Trost expressed sympathy and sadness for Americans and said he told students after election day to remember that America belongs to the people, not Trump.
Many students shared that the opportunity to experience European culture while abroad gave them insight into how different countries handle their politics and made some sympathetic to the idea of emigration for political reasons.
Emily Champagne, a sophomore journalism major, said she found the Dutch to be very forgiving and optimistic compared to a “culture of negativity” in America. “I hope that [Americans] take a trip out to the Netherlands [so they can] get some perspective on how to be more positive, especially when thinking about politics,” she added.
Munsat said she respects those who chose to emigrate, sharing she has a friend who moved to France over concerns that the Trump administration could nullify his and other established same-sex marriages.
“[In Europe there] is a higher quality life in terms of health care and … some human rights,” Munsat said.
Trost cited the size and importance of the European Union as reason for not adopting a fatalist mindset about Trump taking office. He added that he sees America not changing its government since its founding as a cause of many of its issues.
“That means don’t leave the country—change the system [to] make it much more democratic,” Trost said.
Lacy said that European and American politics are much more similar than either of them think.
Geert Wilders, who Lacy called “the shadow prime minister of the Netherlands,” and his Party for Freedom, now the largest political party in the Dutch House of Representatives, are famous for their anti-Islam rhetoric and far-right populism which have drawn comparisons to MAGA and Trump.
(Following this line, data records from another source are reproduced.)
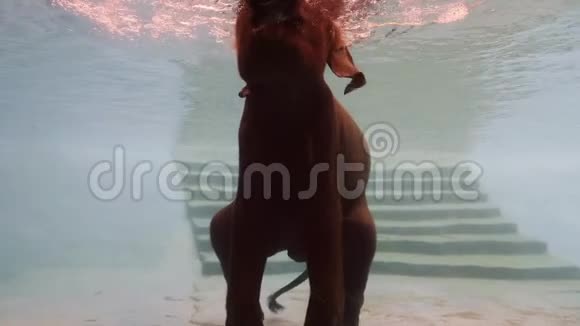 动物园泳池里有趣快乐的亚洲大象游泳视频的预览图
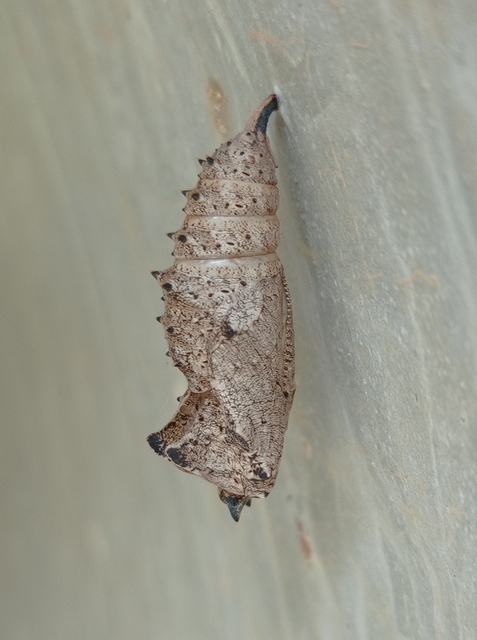 Nymphalis antiopa - gyászlepke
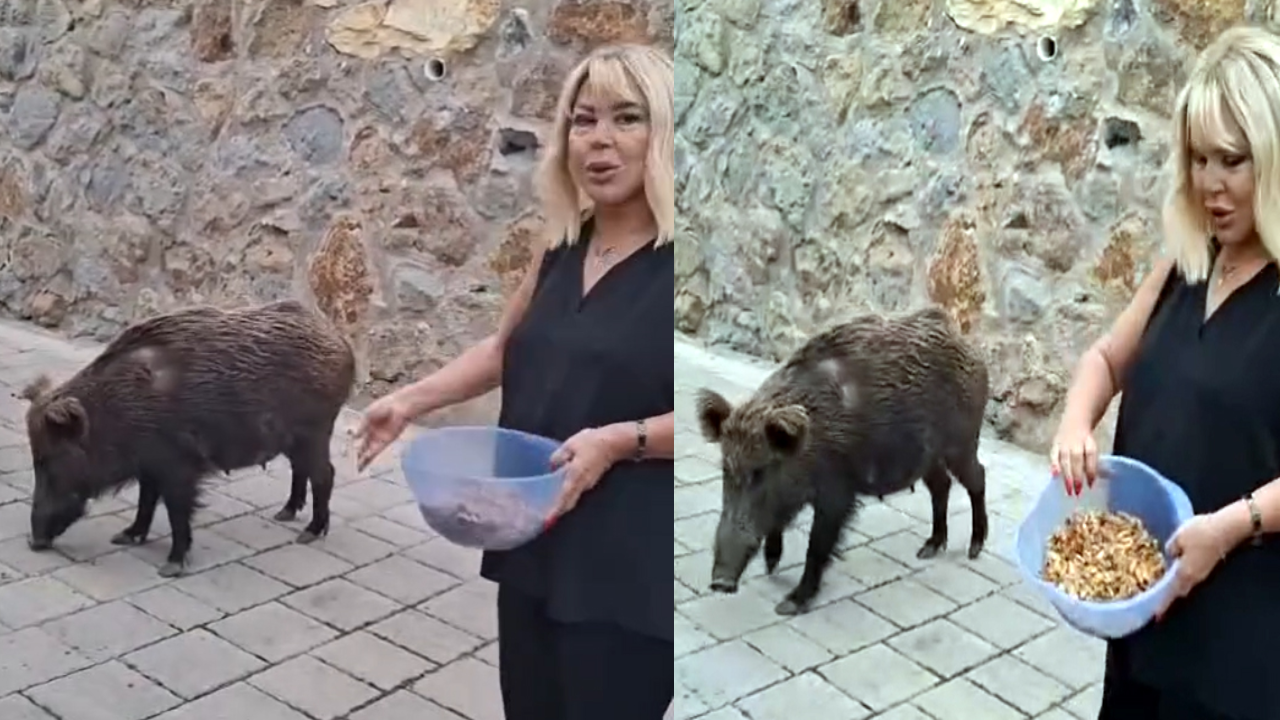 Safiye Soyman kapısına kadar gelen domuzu cevizle besledi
Lacy said that Trump’s anti-immigration sentiments and promises of mass deportations “is absolutely terrifying,” though “he’s not the only one … [it’s] a pattern all across Europe that I think has never been [any] less vitriolic than it has been in the U.S.”
He added that the vision of Europe as a utopia of welfare states no longer holds up to modern realities. For him, the rise of “downright fascists” and “Nazis” embodied by far-right politicians in Europe and America are a consequence of left-wing liberals leaving “the field open.”
“People are voting for these people out of desperation because I think they think the game is rigged,” Lacy said, “and the more decent [people], the ones interested in human rights … they did not deliver.”
Across the spectrum of students, faculty, and programs, many expressed reasons for optimism and remaining level-headed when thinking about the next four years.
“Realistically, we just have to move forward, think about how we’re living our lives, and not let one single person affect the way we think about things,” Champagne said.